RYGP (Fig. 6.1) is considered a combined procedure, i.e., it promotes weight loss by restricting food intake and also generates, although in small proportion, intestinal malabsorption of nutrients.
Fig. 6.1
Roux-en-Y gastric bypass (Image supplied by Dr. Daniel Riccioppo)
It consists in configuring a gastric pouch with a volume of about 15–30 cc, with or without the placement of a band for restriction of flow, and restoration of intestinal transit with a Roux-en-Y intestinal bypass 1.2–2.2 m long in average. About 50–100 cm is the length of the biliopancreatic limb, which leads digestive secretions to the entero-anastomosis, and 70–120 cm of the alimentary limb, which takes the bolus from the gastric pouch to the entero-anastomosis. This prevents the bypassed duodenum and first portion of jejunum to receive the alimentary bolus, which reaches more quickly the distal jejunum and the ileum, causing hormonal responses that may explain the surgical effects on glycemic control.
After RYGP, the following results can be observed, with important metabolic effects: gastric restriction, leading to early satiety, and decreasing the volume of the meals; exclusion of the fundus of the stomach from the alimentary transit, leading to a reduction in the secretion of ghrelin and subsequent anorexigenic effect; and faster arrival of nutrients to the distal intestine, in order to stimulate the release of PYY and GLP-1, which lead to decreased food intake and improve glucose tolerance (Rubino et al. 2006; Cummings et al. 2007).
The reversal of T2DM occurs due to an increase in insulin sensitivity, associated with an improvement in beta-cell function, including recovery of the first phase of insulin secretion.

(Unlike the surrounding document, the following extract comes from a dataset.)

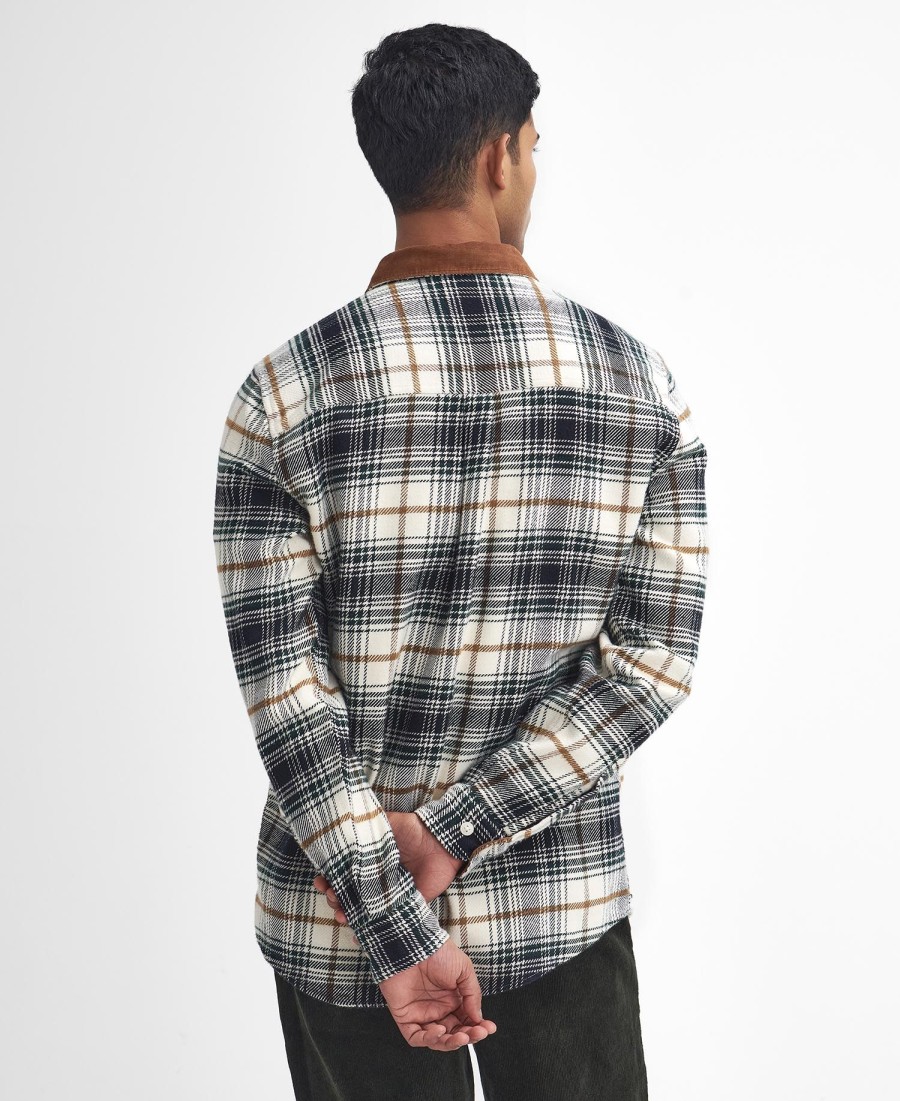 koszula z długim rękawem nevis tailored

This recovery is due to an increase of GLP-1 production. Remission of diabetes is observed on the first postoperative days after RYGP (Laferrere et al. 2008).
This early antidiabetic effect is not observed in patients undergoing purely restrictive procedures, such as adjustable gastric banding. This finding reinforces the role of enterohormones in metabolic effects of bariatric procedures, and not just consequence of weight loss.